The Harmonia silhouettes are voluminous spheroid dresses that unfold vibrant patterns through translucent gradient-dyed organza that is halfwheel plissé-ed by hand. The ‘Symbiotic’ volumes are made from gradient dyed silks that are multi-layered into sculptural shapes by a fine 3D laser-cut frame of PETG to create hybrid bird shapes in dimensional color gradations that hover in symbiosis with the body like mythological creatures.”Shift souls’ hide and reveal anamorphic faces that smoke around the body in three-dimensional ‘wave drawings’, multi-layered and gradient-dyed silks are heat-bonded within frames of laser-cut mylar, creating surreal spectral anatomies. For the ‘Galactic glitch’ technique, cloud-printed silk is heat-bonded to mylar and laser-cut into the finest lace of thousands of O.5mm ‘harmonica waves’, creating a dance of quivering echoes that optically distort the body.
The “Cosmica’ looks are made from vaporous colored clouds by Kim Keever that are printed on translucent organza, to be layered into nebulous multi-dimensional prints, whose unfinished contours blur the body.
Cellchemy’ face-jewelry are 3D printed through high-resolution multi-material printer in collaboration with the Delit University of Technology. One-off pieces were developed through a generative design process based on a 3D face scan, by combining the color information with the 3D shape in grasshopper algorithm, a semi-arbitrary density structure was mapped from the face.
For the finale of the show, Iris van Herpen collaborated with contemporary artist Nick Verstand, subdividing the space using walls of materialized laser light, revealing a dreamscape of circulating clouds.
“A highlight of the show was a futuristic red dress with a multitude of laser-cut waves, creating a ‘dance of quivering echoes that optically distort the body.'”
“Other sculpturally-shaped looks offered a similar effect, featuring 3-D laser-cut detailing meant to give the illusion of mythological creatures. During a time when most designers are looking to previous decades for inspiration, van Herpen is looking onward to new galaxies.”

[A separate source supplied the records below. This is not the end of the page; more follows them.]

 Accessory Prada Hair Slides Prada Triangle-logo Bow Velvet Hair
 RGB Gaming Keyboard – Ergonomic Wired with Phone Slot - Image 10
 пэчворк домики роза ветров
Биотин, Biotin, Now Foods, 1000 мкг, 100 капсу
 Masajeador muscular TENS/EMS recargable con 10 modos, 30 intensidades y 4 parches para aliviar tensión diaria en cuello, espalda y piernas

“Then there were the shoes.
Made from soft leather pieces, one of which wrapped around the wearer’s ankle, each pair had transparent plexiglass heels. Blocks of the material were infused with two colors of ink, which took four days to distill into molten colored clouds; then, the heels were carved by hand into undulating curves.
Unlike some of Ms. van Herpen’s previous footwear creations, often wedges that teetered on the fringes of fantasy to the point of impracticality, these shoes combined a strange beauty with a sturdy commercial clout.

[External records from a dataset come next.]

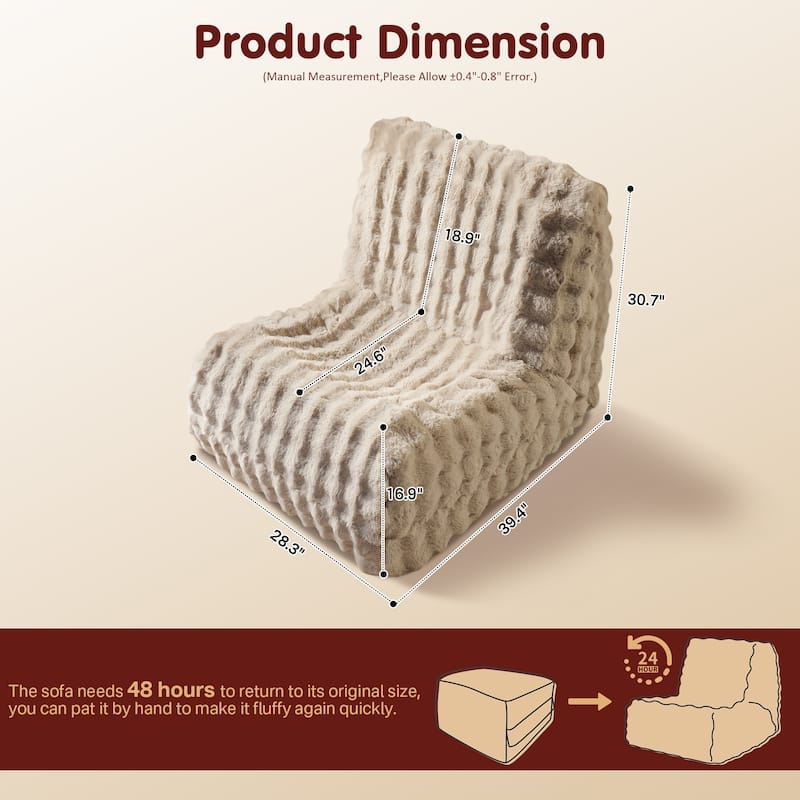 OVIOS Cloud-Like Plush Bean Bag Chair (Reinforced Pile Edition)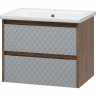Тумба с раковиной Brevita Chester 65 УТ000022880 подвесная Серая матовая Дуб Чарльстон темно-коричневый, купить, цена, заказать, магазин, доставка, скидка, промокод, купить, цена, заказать, магазин, доставка, скидка, промокод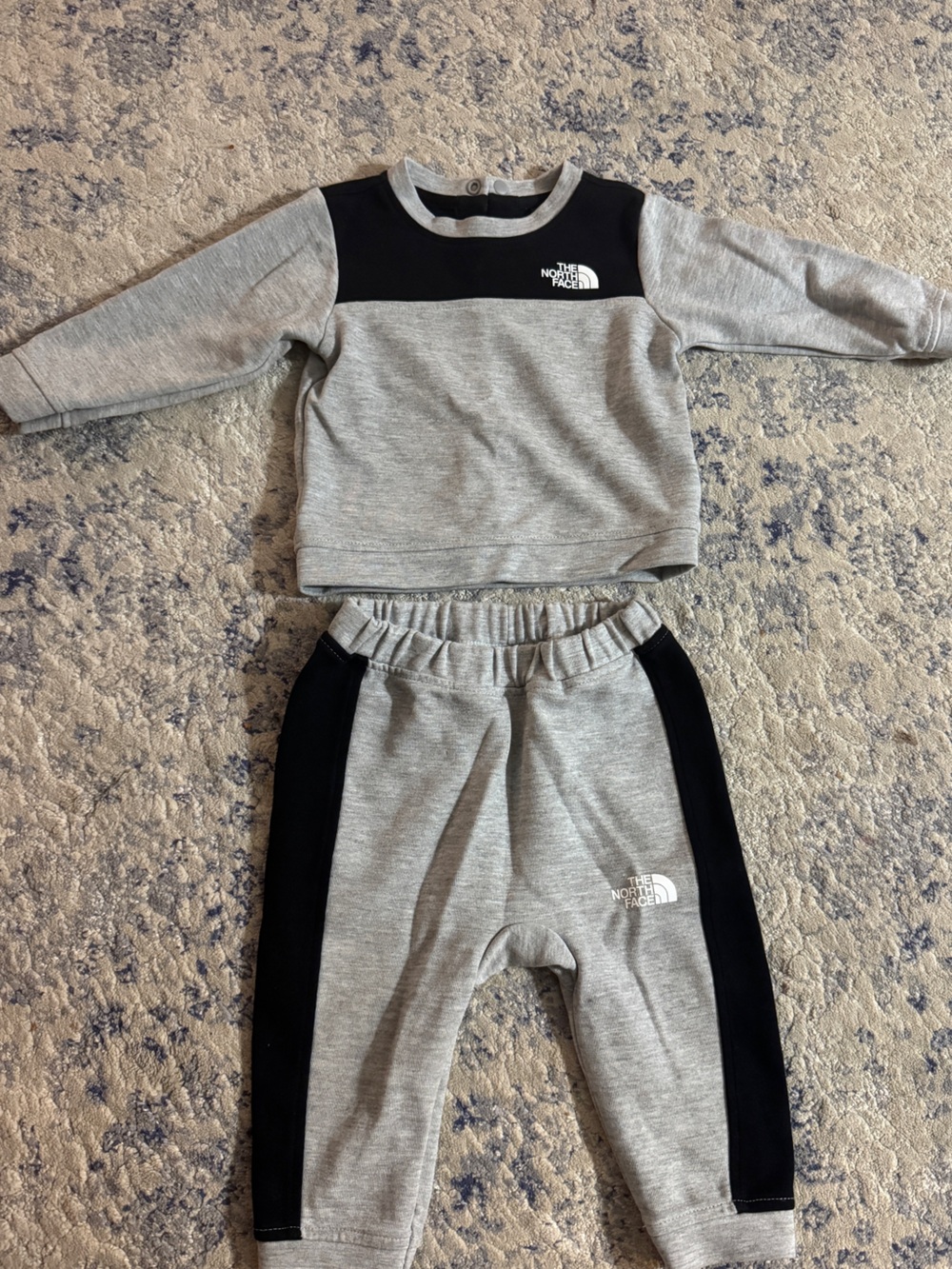 The North Face Grey Sweatpants with Black Side Panels - Kids 6-12 months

Indeed, you know a designer is on to something when it’s the shoes you remember from a runway finale. Amid a swirling black and blue laser beam projection, precise lines of light traced through the vapors along the soles and heels of the shoes to create a glow-in-the-dark effect.”
“While her exoskeletons and crystalline structures have always felt far more visionary than the usual display of couture, their future as wearable designs seemed uncertain. By contrast, this collection, titled Shift Souls, expressed lightness through diaphanous silhouettes with hand-plissé volumes, soft patterning, and alluring body focus. This expression of femininity might translate to greater visibility for Van Herpen; and with two full days of shows to come, it set the bar high.”

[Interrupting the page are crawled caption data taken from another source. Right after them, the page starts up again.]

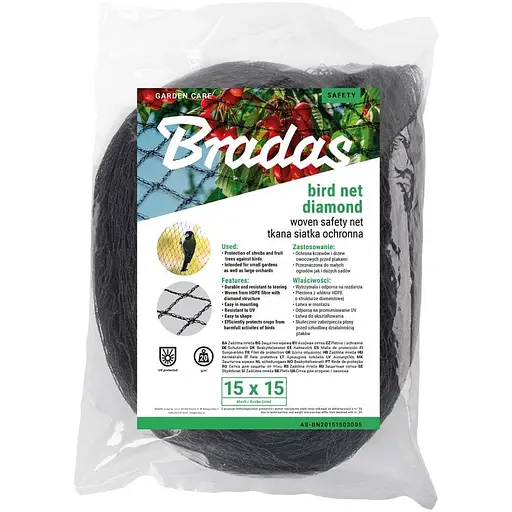 Сетка для защиты от птиц Bradas DIAMOND 20 г/м² 7.5x7.5 м тканая 15 x 15 мм (AS-BN2015150750075)  - фото 1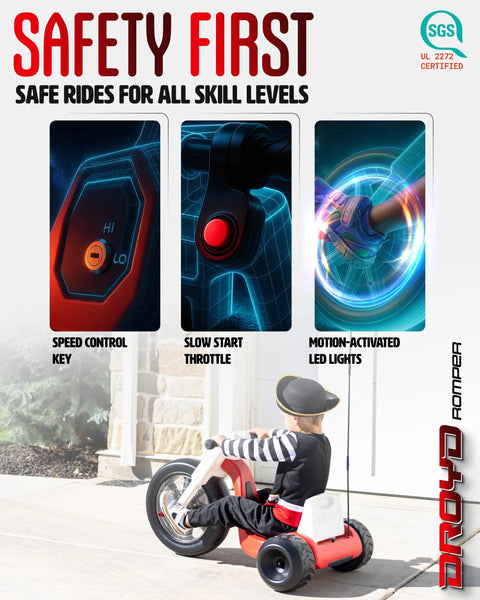 Romper Electric Tricycle For Kids 3 Plus Years, 24V Ride On Toy With speed control, throttle, LED lights, outdoor play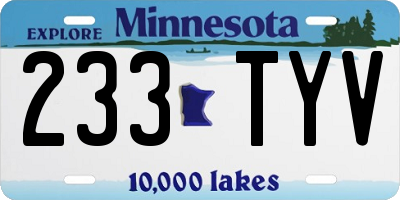 MN license plate 233TYV
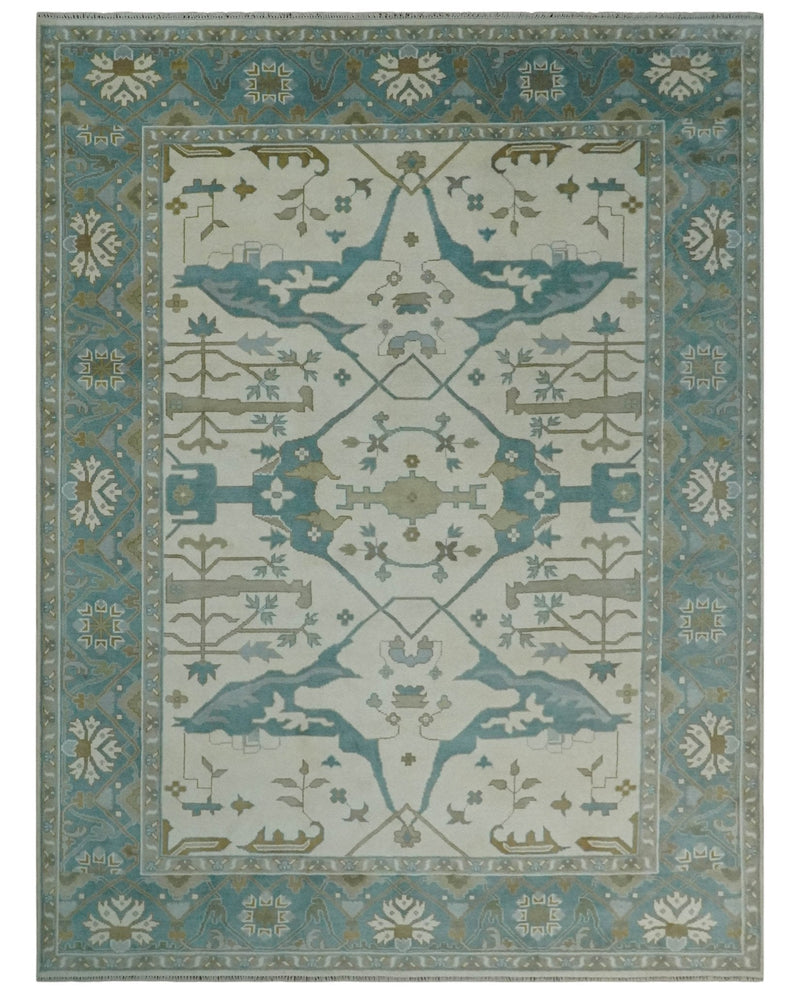 9x12 Hand Knotted Oriental Oushak Ivory, Teal and Beige Wool Area Rug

“The show evoked winged forms and organic life, and was inspired by visual artist Kim Keever, who drops paint pigment into water. The arty setting was an appropriate backdrop for the sculptural creations that seemed to borrow from works housed at the Louvre, located hundreds of meters (yards) away.”
WWD:
“Weighty stuff, but the delivery was ever ethereal, from the opening midnight-blue pleated bustier gown with curved wing-like sleeves, revisited in pleated and printed Op Art versions, to the cream dresses covered in concentric layers echoing a topographic map.”